Paracetamol is widely used as a first-line treatment for symptom relief in patients with osteoarthritis (OA). It is usually preferred to non-steroidal anti-inflammatory drugs because of its better harms profile, especially in people at risk of gastrointestinal bleeding.

In a recent Cochrane review,1 the authors compared the effectiveness of paracetamol versus placebo in the management of knee or hip OA. They searched seven scientific databases for relevant studies, including randomised controlled trials of participants with hip or knee OA irrespective of the intensity or duration of symptoms. The main outcomes were pain intensity, physical function, quality of life, adverse events, serious adverse events, withdrawal because of adverse events and liver toxicity. They used minimal clinically important difference (MCID) to compare the effect between paracetamol and placebo—MCIDs are a patient-centred concept that represents the smallest improvement that a patient considers ‘meaningful and worthwhile’.2

Statistically significant benefit versus clinical importance

The review included 10 trials with 3541 participants and reported that paracetamol did not result in clinically important improvements in pain: MCID 3% (95% CI: 1% to 5%); or physical function: MCID 3% (95% CI: 1% to 5%). There were no data on quality of life and no statistically significant or clinically important differences found in rates of adverse events, serious adverse events, withdrawal because of adverse events and liver toxicity between paracetamol and placebo.
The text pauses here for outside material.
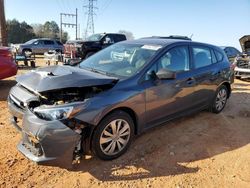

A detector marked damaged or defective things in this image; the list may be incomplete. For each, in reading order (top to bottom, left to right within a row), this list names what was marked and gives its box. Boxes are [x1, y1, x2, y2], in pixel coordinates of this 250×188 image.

front bumper damage [17, 110, 81, 167]
damaged front end [7, 65, 117, 167]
The quality of evidence for most outcomes including pain and physical function was high. The review results were consistent with those of a previous network meta-analysis (NMA)3 which concluded that there is no role for using paracetamol as monotherapy for treatment of OA. The results also support the conclusions of another NMA, which found paracetamol to be least efficacious agent for OA management.4

However, several caveats exist. The MCID used by the authors was based on those of a previous publication,5 who in turn based their estimates on the median MCID from four other prior publications. To my knowledge there is no evidence that the cut-off point of 0.9 or 1.0 on a 10 point scale (9 or 10 on a 100-point scale) for pain or physical function respectively has been validated for use in OA—a recent study of patients with knee OA concluded that adjustment for confounders could facilitate the generalisation of the results.6 In addition, the Cochrane review did not report data on the proportion of participants who reported improvement in pain symptoms.

That paracetamol had statistically significant benefits for pain and physical function (despite not achieving MCID thresholds; see the online supplementary table 1), coupled with its good harms profile indicate the drug should not be jettisoned as one of the first-line treatments for managing pain in the management of OA. Indeed, a recent large prospective study of elderly subjects (n=5429) concluded that ‘despite polypharmacy and polymorbidity’, acetaminophen (paracetamol) remains a first-line analgesic for managing pain.7

Supplemental material

EBM Verdict

EBM Verdict on: Paracetamol versus placebo for knee and hip osteoarthritis. Cochrane Database Syst Rev 2019;2:CD013273.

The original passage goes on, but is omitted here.